Required action: The response should reproduce exactly the lines from the top of the listing below through the one that contains "Gong lamp by Bruno Gecchelin for Skipper", and nothing else; pictures do not belong in it.

--*--

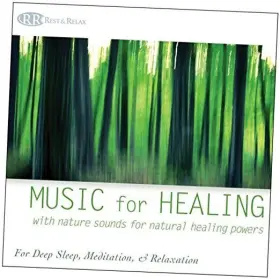 4918368 Robbins Island Music For Healing With Nature Sounds Natural Powers Audio Cd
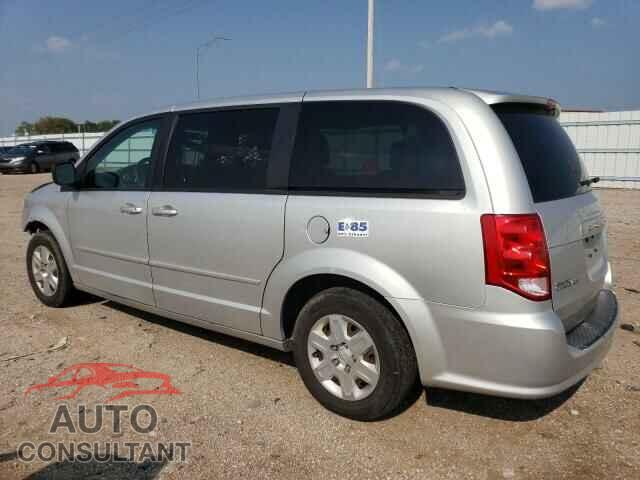 DODGE CARAVAN 2011 - 2D4RN4DG3BR795449
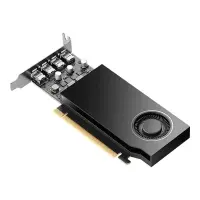 Graphics Card|PNY|NVIDIA|RTX A400|4 GB|GDDR6|64 bit|PCI Express x8 4.0|Active|VCNRTXA400-SB – pilt 5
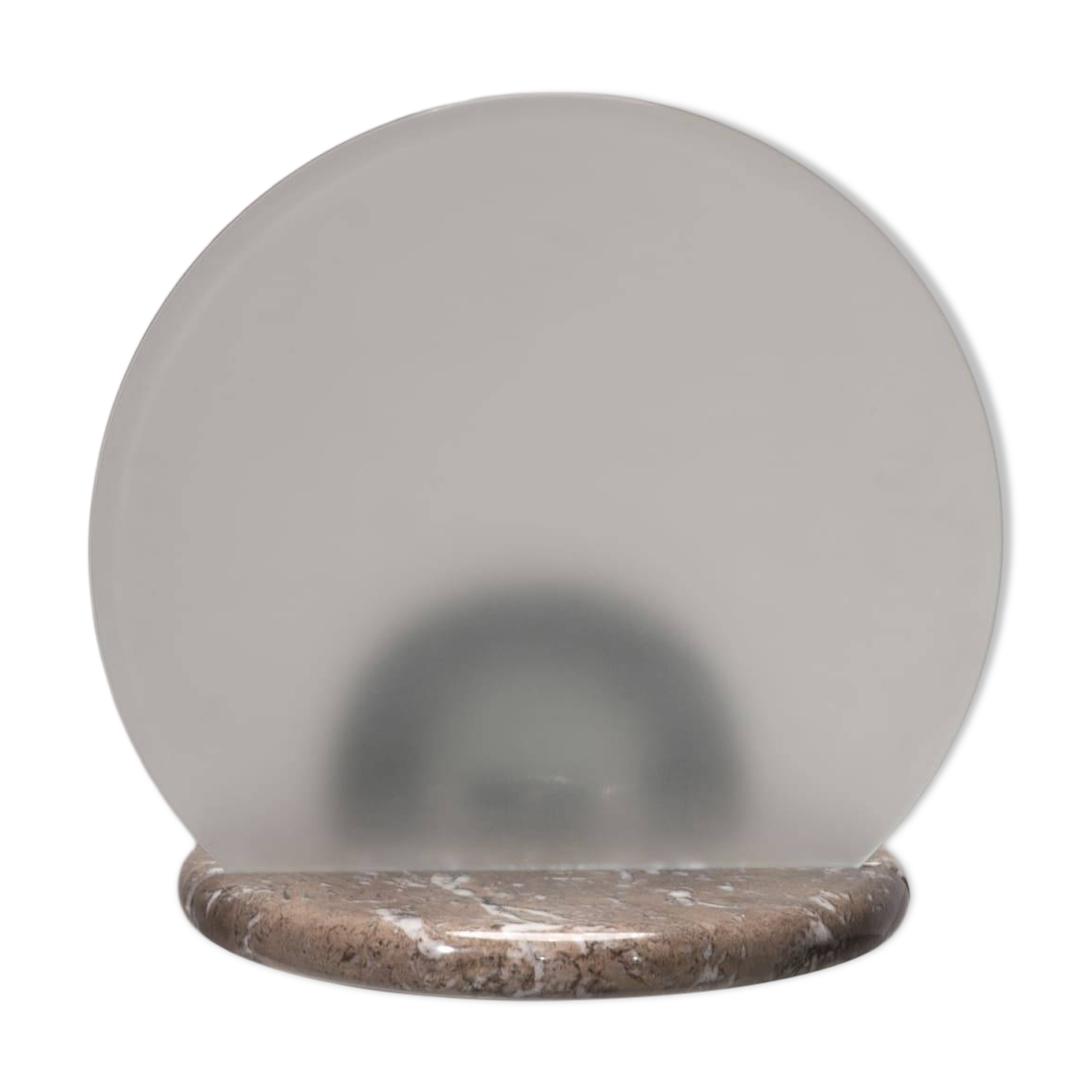 Gong lamp by Bruno Gecchelin for Skipper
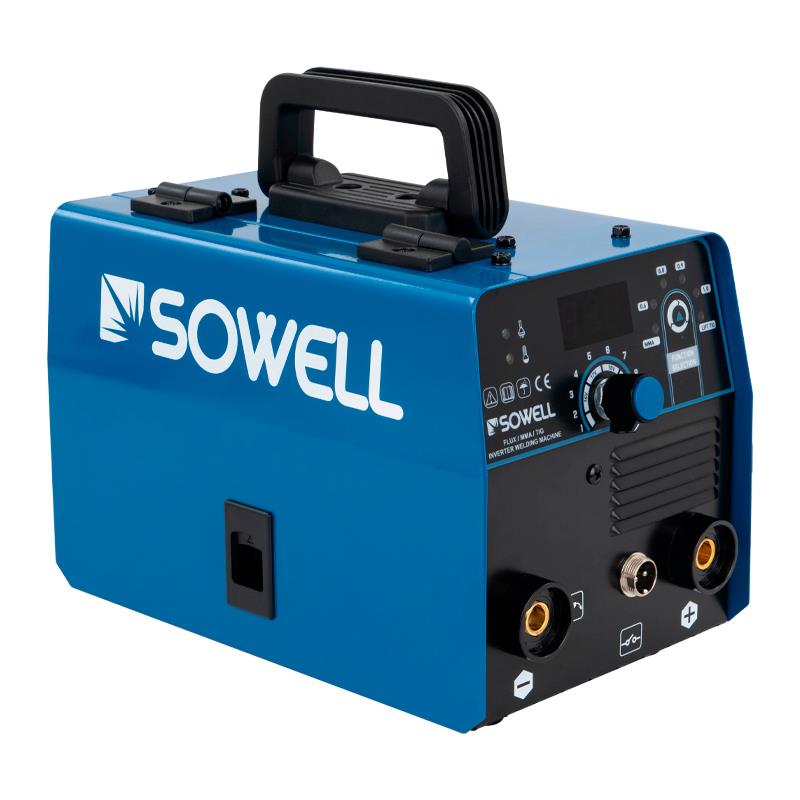 INVERTER MULTIFUNCION MIG-MMA-TIG 120AMP SOWELL SW1211 SOLDADOR MAQUINA PARA SOLDAR SOLDADURA SOLDADORES MULTIPROCESOS SOLDADORES SOLDADURAS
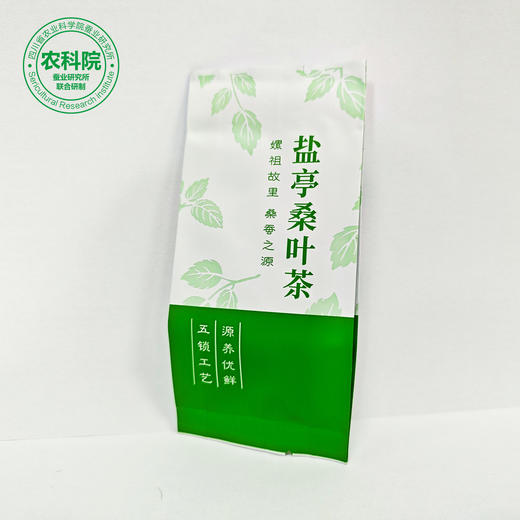 盐亭桑叶茶40g 商品图4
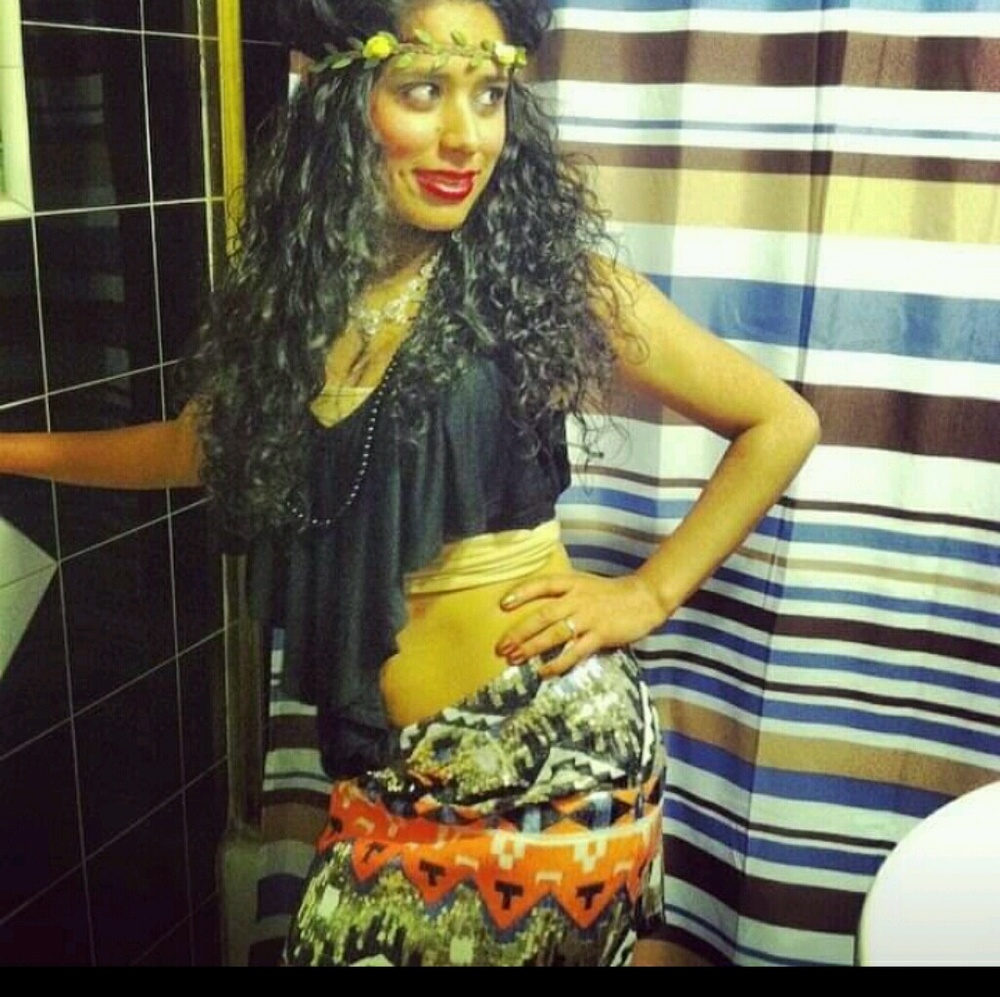 Meet your Posher, Monique
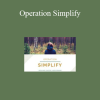 Ryan Lee - Operation Simplify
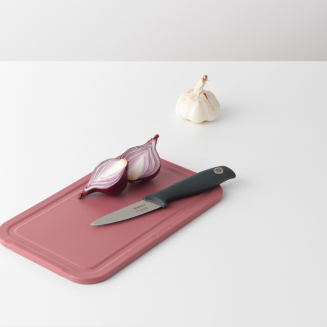  Brabantia Tasty+ Grape Red cutting board - 2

--*--

Task solution:
 4918368 Robbins Island Music For Healing With Nature Sounds Natural Powers Audio Cd
 DODGE CARAVAN 2011 - 2D4RN4DG3BR795449
 Graphics Card|PNY|NVIDIA|RTX A400|4 GB|GDDR6|64 bit|PCI Express x8 4.0|Active|VCNRTXA400-SB – pilt 5
 Gong lamp by Bruno Gecchelin for Skipper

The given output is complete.